Dean the ‘progressive’?

“Says Robert Dreyfuss, “He’s a hard-nosed, penny-pinching fiscal conservative who seems to delight in sticking his thumb in the eye of the Democrats on the party’s ever-shrinking left wing.” In fact Dean clashed so “often with [Vermont’s legislative] Democrats over taxes and spending [that he drove] many liberal-left Democrats into the arms of the Progressive Party and of Representative Bernie Sanders, Congress’s lone socialist.” (One can assume, given the Democrats’ attacks on Ralph Nader following the 2000 election, that what Dean produced in Vermont is precisely what the Party seeks to avoid in 2004.) Economist Max Sawicky says Dean “often turned his acerbic words on the left wing of his own party. . . [He] supported Vermonters’ right to carry concealed weapons and resisted many spending proposals.” And, quoting political scientist Garrison Nelson, “His born-again liberalism has caught a lot of us by surprise.” Elizabeth Mehren of the Los Angeles Times quotes Dean’s “determination to ‘make sure this party comes back to its center.’”

The above link is well worth visiting especially by the Independent’s journalists, who would do well to check their facts before dumping their vision of reality on us.

The central point is however, that the mainstream press has done a con job on the reader by not merely moving the goal posts, it has removed them entirely. The discourse, such as it is, has shifted the debate from the realm of the real world to that of one invented purely in the minds of media and its corporate owners.

The carefully crafted illusion that the media presents to us, excludes any reference to that other Howard Dean, the real Howard Dean, a man, who in pursuit of votes has shifted his position to exploit the deep discontent felt by many in the US not only about the war but also the domestic economy.

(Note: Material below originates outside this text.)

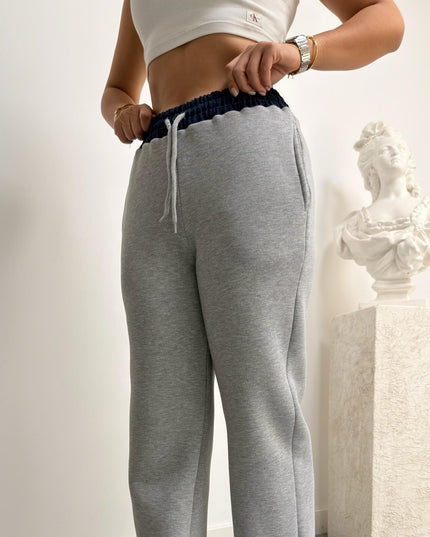 Herne Fleece-Lined Denim Trimmed TWS Model Tracksuit Set for Women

Where for example, is the coverage of Dennis Kucinich, one of the the only genuinely progressive Democratic candidates, who has been totally excluded from press coverage, not only in the US but also here in the UK? Nowhere, and why? Because Kucinich is not a ‘front runner’. And why is not a ‘front runner’? Because his programme runs counter to the ideology of the corporate media, hence all reportage of his programme is excluded from public discourse. What happened I wonder, to the notion of ‘objective’ news, or presenting all sides of the issue?